The DDoS mitigation industry is scaling up capacity following a consistent increase in the number of DDoS attacks and recent indications that IoT-based DDoS attacks are expected to grow significantly.
The DDoS attack vector continues to wreak havoc in 2017, with a reported 380% spike in the number of DDoS attacks identified in Q1, compared to the same period last year. A recent study shows a year on year increase of 220% in the number of different types of malware designed to hijack IoT devices.
DDoS Mitigation providers are taking heed, with Arbor dedicated to quadrupling their capacity to 8Tbps by the end of 2017, and both Neustar and OVH committing to capacities of over 10Tbps.

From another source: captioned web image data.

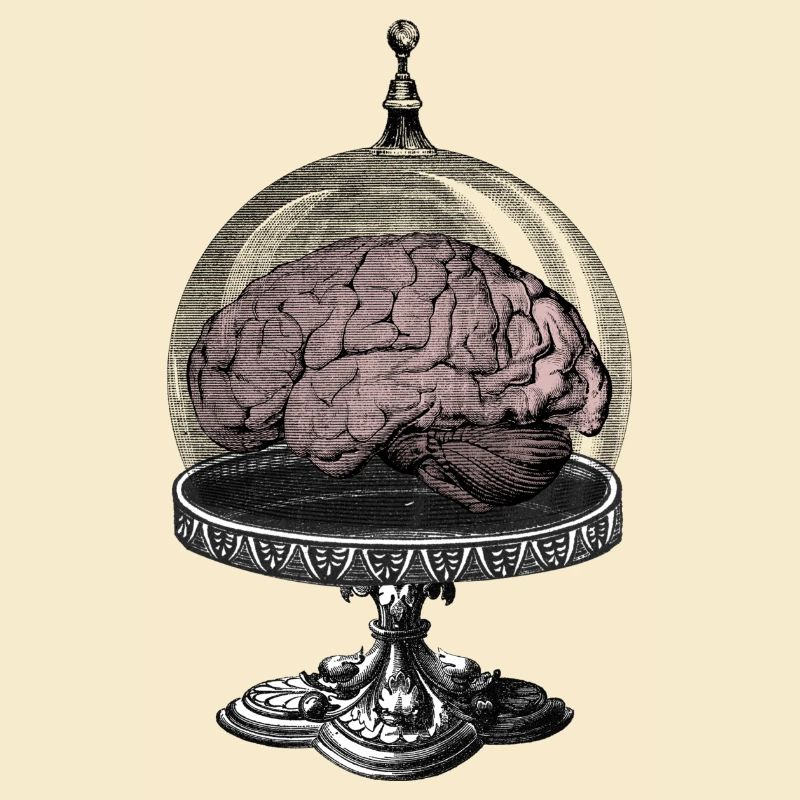Monster Brain Horror SciFi Design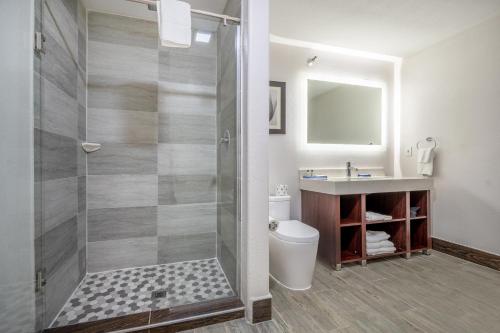 The Leo Collection Detroit, an Ascend Collection Hotelにあるバスルーム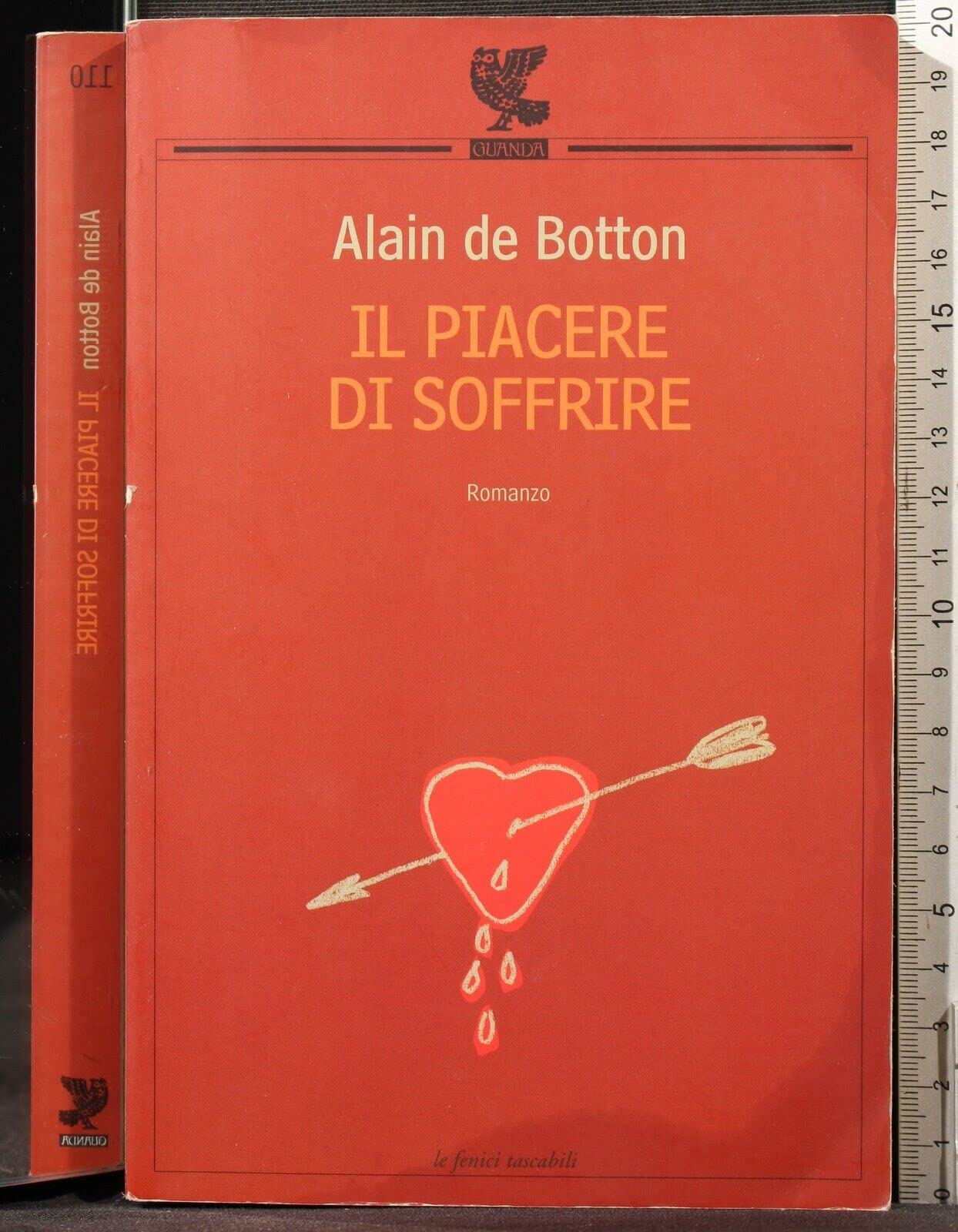 Il piacere di soffrire (Le Fenici tascabili) Contemporary literature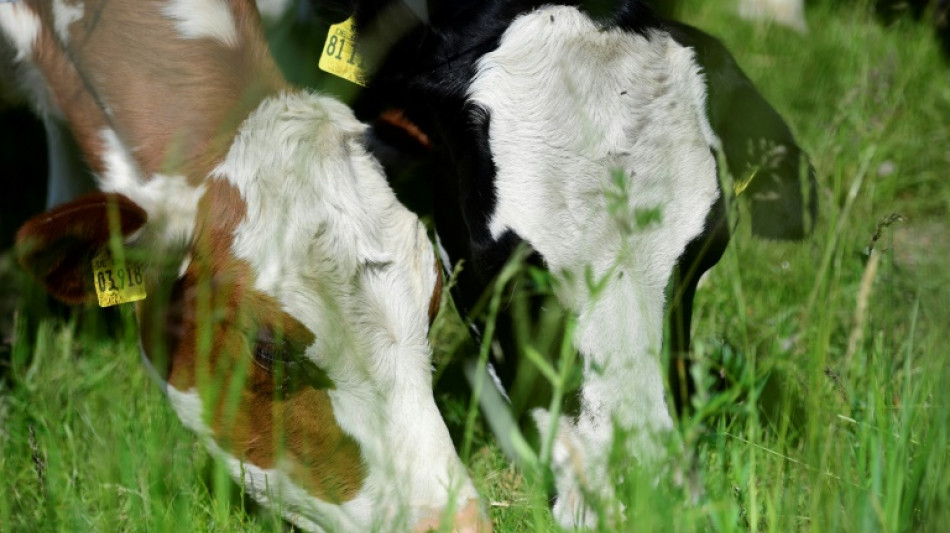 EU-Rechnungshof sieht schwere Fehler bei F&ouml;rdergeld-Vergabe f&uuml;r Bio-Landwirte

A DDoS mitigation Gap occurs whenever DDoS traffic bypasses a company’s DDoS mitigation defenses, and penetrates the target network.
The reasons for such gaps vary from some types of DDoS attacks that are completely unnoticed by DDoS mitigation, to a range of configuration issues that let through traffic that should be mitigated.
However the problem is that visibility of DDoS mitigation gaps is currently nonexistent to those cybersecurity practitioners who are responsible for production uptime.
Companies do not know how well their mitigation is performing, or where their configuration problems are, leaving them and their vendors to troubleshoot issues at the very worst possible time, that is, when systems are down at the height of a DDoS attack.
Results from over 500 DDoS tests run by MazeBolt on companies from a wide range of industries, shows that on their first test, companies failed 41% (on average) of DDoS tests - simulations of real DDoS attacks conducted in a highly controlled manner to help companies understand their mitigation gap so they can strengthen their mitigation proactively.
This means that after a company has deployed their DDoS mitigation strategy, on average it will stop only six out of ten attacks.
To solve this, with insight about where their DDoS mitigation posture was leaking, companies could go back to vendors to reconfigure settings and harden their DDoS mitigation posture.
As depicted in the bar chart below, by repeating the testing cycle only three times, companies were able to reduce their mitigation gap from an average of 41% in the first test to an average of 25% in the second and only 15% in the third - reflecting a 65% strengthening of their DDoS mitigation.
Paraphrasing Heraclitus one might say you can never test the same DDoS mitigation twice, but our data clearly shows that testing it three times will strengthen it considerably.